Contiki’s new image delivers same package

Published on June 06, 2005

Contiki started out in the 1960s in New Zealand by offering hedonistic camper van tours of Europe to fresh-faced, booze-fuelled Aussies in the 18-30 demographic. Now it’s ready to tackle the European youth market, but claims to be steering away from the “outdated stereotype” of sun, sex and sangria-fuelled high-jinks.

We are on the Greek island of Mykonos and, after a trial opening last year, the tours are fully booked for the beginning of the season. More are planned in Bali, Mexico and Australia.

David Hosking, Contiki’s global managing director, insists that there is a difference because it offers decent accommodation, which will attract a more grown-up demographic than competitors.

It’s hard to see how the accommodation differs from that typically used by youth brands and where the four-star tag is earned. The rooms are very simple with basic wooden furniture, a TV and sea view balcony; they’re certainly not luxurious. And walk across the tiled terrace to the pool bar, and there’s no mistaking the kind of holiday you’re on.

The trance hits from three years ago bellow out, rattling any plastic chairs that aren’t occupied by the pasty new arrivals, who nod away to the beat in their shiny, white polyester sports shorts, crop tops and gold jewellery, sipping pre-lunch beers and cocktails.

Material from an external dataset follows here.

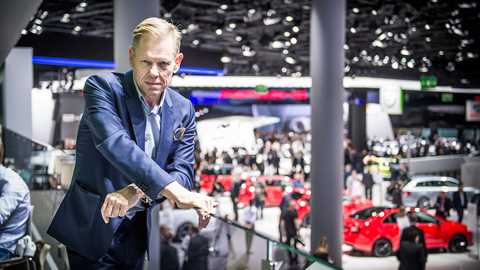 Gavin Green at the Geneva motor show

The food is also nothing to scribble on a postcard about. Included in the package price are two buffet meals a day, a fry-up-style brunch (obviously no one’s going to make breakfast) and standard Greek fare for dinner.

But no one’s on a Contiki holiday for the food or the rooms – they’re here for laughs, booze and shagging.

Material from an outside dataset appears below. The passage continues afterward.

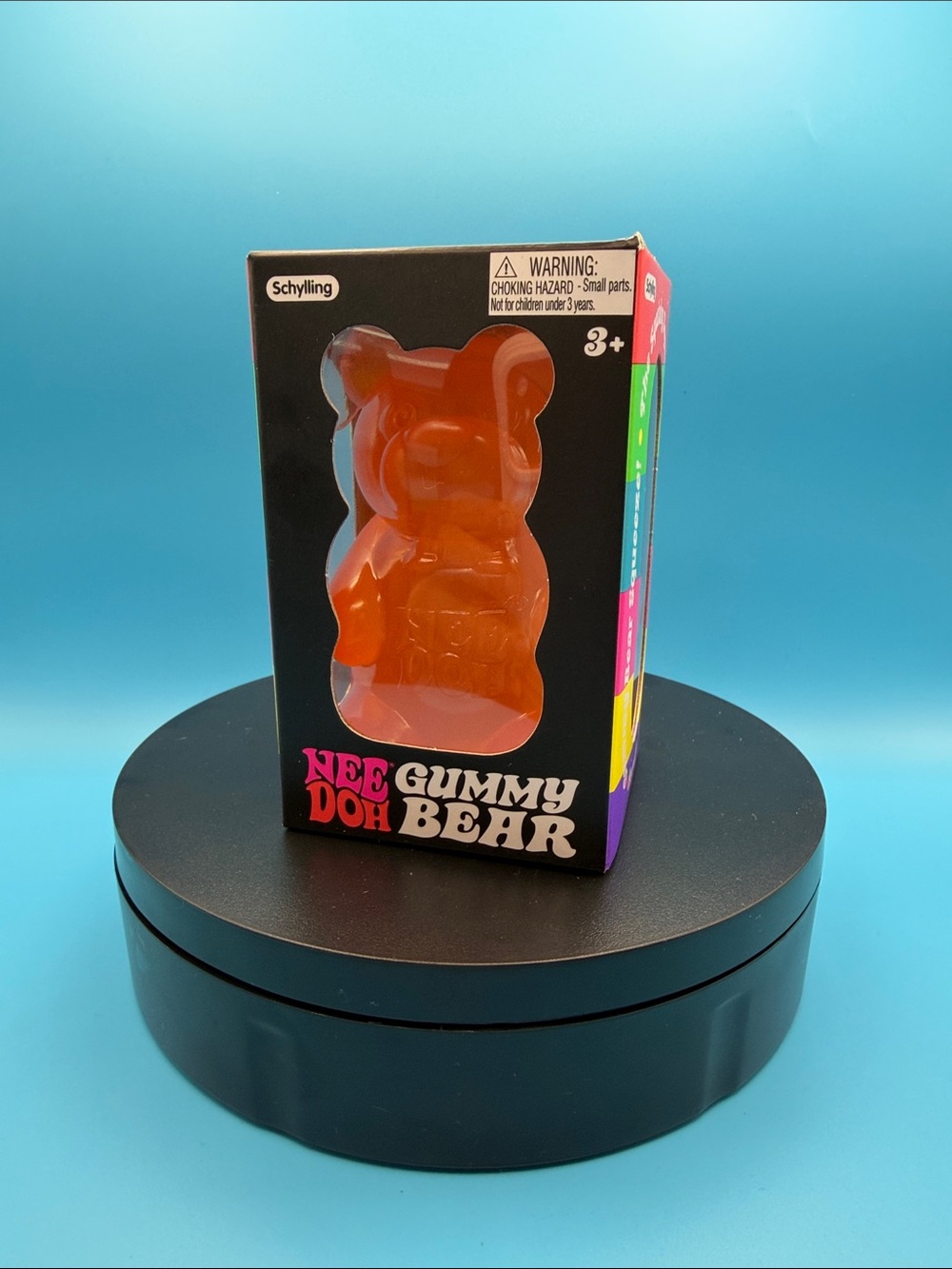 NeeDoh Gummy Bear Sensory Toy - Orange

As the week progresses, it becomes clear that being permanently drunk is what Contiki is all about. I wake each day to find guests who have been up all night giggling and drinking by the pool, and it seems rude not to join in.

The offer of scuba diving and wake-boarding at the hotel’s watersports centre remains unused during my stay because of a no-drinking-beforehand rule, and plans to visit the gym and the wellness centre are dropped in favour of beers on the beach.

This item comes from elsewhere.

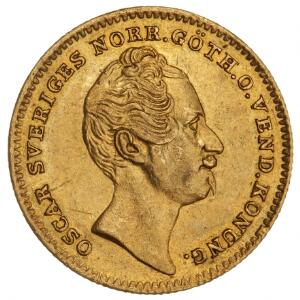 Sverige, Oscar I, Dukat 1849, F 90a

After poolside cocktails on Saturday night, we are taken on a tour of the bars. It starts off relatively sophisticated on the terrace of the gorgeous hilltop Oneipo, where there’s a whiff of the glamour with which Mykonos has increasingly become associated.

Although the managers claim that this scene was part of the reason the island was chosen for Contiki’s first European upmarket resort, there’s little evidence of it on the trip. We head to the slightly more hectic Rhapsody, then Skandibar, which defies its rather cool-sounding name by being full of lecherous monsters, including a pissed wannabe-Chippendale who’s thrusting away like a rampant bonobo on the bar and introducing himself to a scantily clad girl by simulating oral sex on her.

We move on to Space, the main club in town, which is only Euro 15 to get in, including a drink and a free packet of fags. The fact there’s no proper dance floor makes no odds and every other available surface is used for dancing.

After the standard four hours’ sleep and a cocktail “mixology” lesson, there’s a boat trip to Paradise Beach, famous for raucous parties starting in the early afternoon. The night is topped off with a Greek dancing display at the hotel, where a hunky performer spins a couple of the female guests and at least one male around his head.

We wake for my last morning wet and bleeding from a 3am swim that we can’t remember, feeling sick and exhausted, with a head is full of debauched stories and blurry memories, All that’s missing is a stranger in the bed. Not a typical 18-30s holiday? Yeah, right.